Radny zwraca uwagę, że przykro patrzy się na takie zaniedbania, a służby miejskie nie robiły nic, by to poprawić.
– Na terenie rezerwatu mamy do czynienia z wszechobecnym brudem, zaniedbanymi punktami widokowymi, śmietnikami i chodnikami. Jest to tak prozaiczna sprawa, że nie powinno być to robione na wniosek radnych, czy mieszkańców. Powinien być przyjęty harmonogram, na podstawie którego byłoby jasno określone, że tego dnia sprzątamy Kadzielnię, a potem np. Wietrznię i wiele innych zielonych miejsc w mieście. Szkoda, że służby pana prezydenta działają jedynie interwencyjnie, nie myśląc przyszłościowo – podkreśla radny.

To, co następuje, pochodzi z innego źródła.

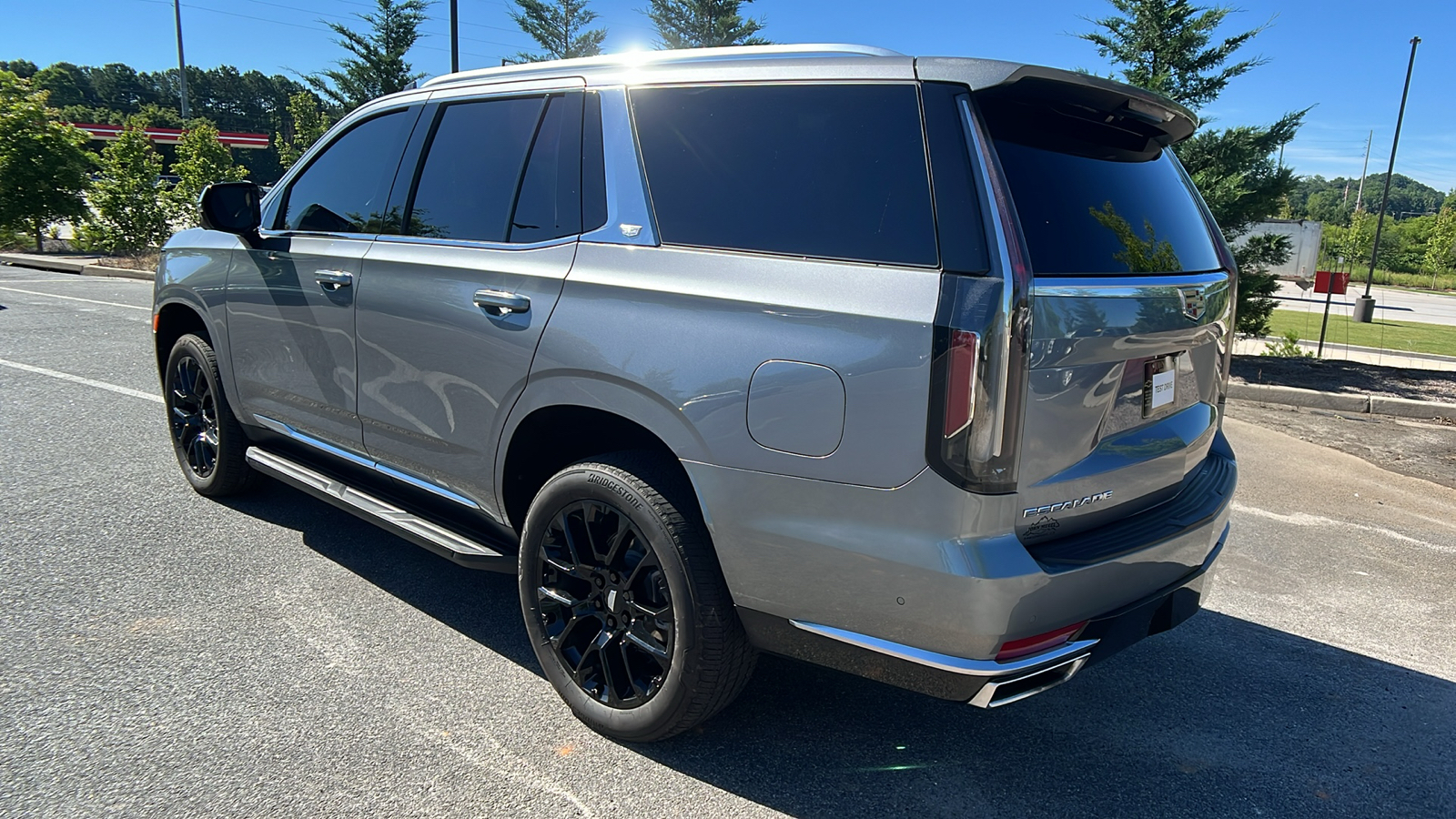 2021 Cadillac Escalade Premium Luxury 8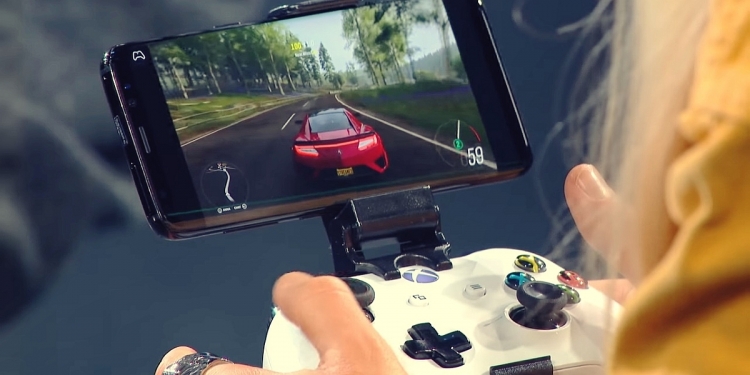 Microsoft Pamer Keupayaan Project xCloud Bermain Game AAA Di Telefon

Mirosław Hejduk, dyrektor Geonatura Kielce wyjaśnia, że większość terenów zielonych w Kielcach jest objęta ochroną. Jednak po przeanalizowaniu wszystkich za i przeciw oraz możliwości finansowych podjęto decyzję o przycięciu roślin.
– Kosimy tereny zielone, tam gdzie najczęściej przemieszczają się turyści, bo głębię kamieniołomów i miejsca niedostępne dla odwiedzających zostawiamy naturze. Przy ścieżce na Ślichowicach trawa osiągnęła rozmiary, które przeszkadzały ludziom i zgłaszali oni swoje uwagi między innymi do radnego Marcina Stępniewskiego. Pierwsze koszenie odbyło się tydzień temu, ale kosimy także i w tym – tłumaczy dyrektor.
Natomiast zaawansowane koszenie rezerwatu przed jesienią i zimą odbędzie się na początku sierpnia.